We ate dinner. I showered. I made pumpkin pie dip, and then I put the boys in the tub. Then the three of us went to a social gathering for small group leaders. I did not take time to process. Our pastor asked how Bugaboo was doing, and I replied honestly (but without crying), "He's doing fine, but I'm not doing so great." And then he (the pastor) talked about how sometimes geniuses start off like this. It made me want to hope and to cry at the same time. But I did neither.
The group passed around my littlest in his footie pajamas, which some people called a onesie, and a friend of mine went and read stories to my oldest at some point. The whole evening made me want to weep, but not for reasons I expected. Instead it was because of this incredible sense of friendship and love of that group - even those I don't really know well yet - of just eating and laughing and playing an ice breaker. It felt so normal.
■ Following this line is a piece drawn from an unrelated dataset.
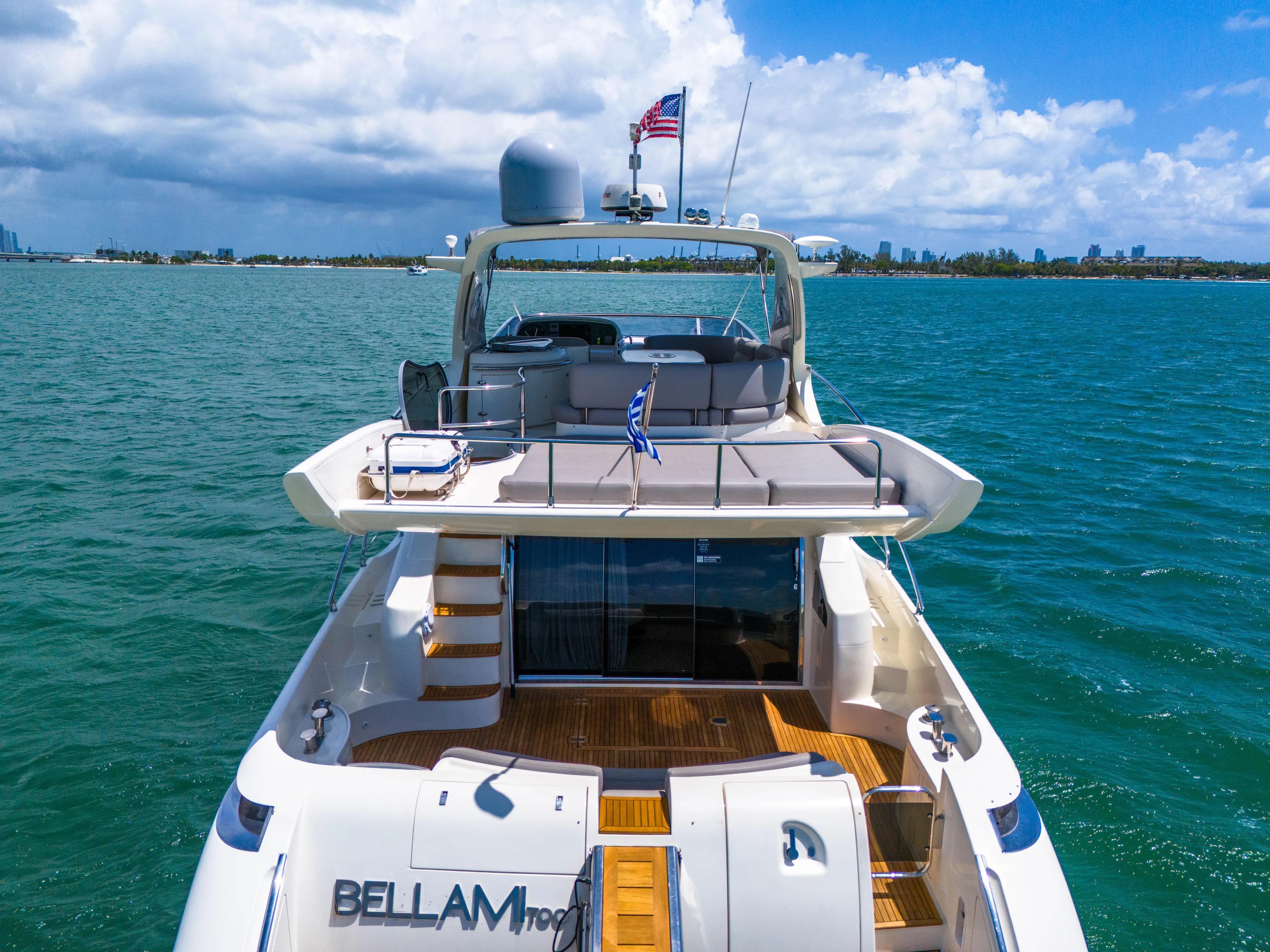 Bellami Too Yacht Photos Pics 2008 Azimut 62E yacht on water, rear view, sunny day, American flag flying.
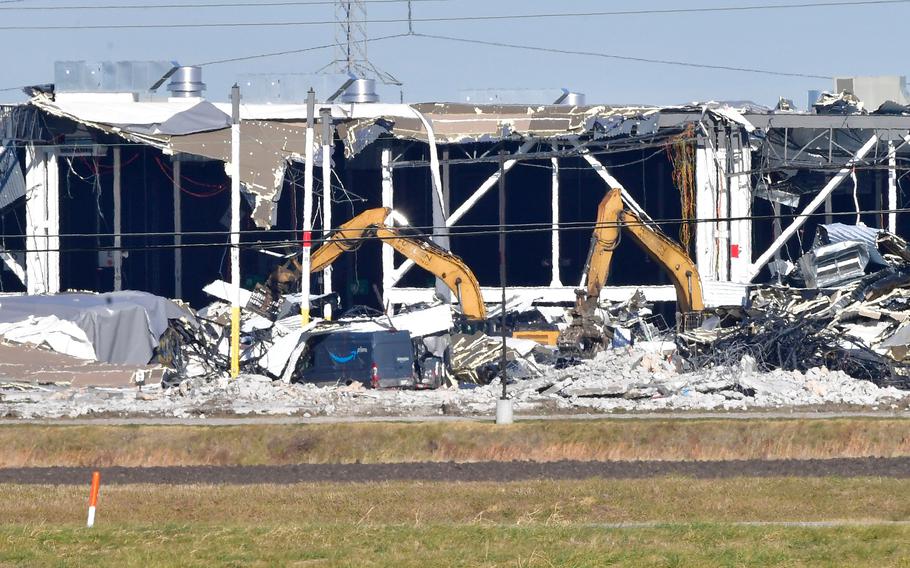 Recovery operations continue after the partial collapse of an Amazon Fulfillment Center in Edwardsville, Ill., on Dec. 12, 2021. The facility was damaged by a tornado on Dec. 10, 2021. The confirmed number of fatalities has been raised from two to six people.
We left and my three year old commented, "That was a GOOD day!" Just like his mama, an introvert he really likes being around people.
We got in the van, and I cried the whole way home, saying, "Thank You, Jesus. Thank You, Jesus." Because really what else is there to say? We are here waiting, and we don't know why or where the waiting is leading. But we are here with people near and far who love and pray for us. We are here in a community of people who just let me sit for an evening. We are here with the two cutest boys on the planet, and when I think about how much I love them both I think my head and my heart will explode. We are here, and in spite of it all, it is a very good place to be.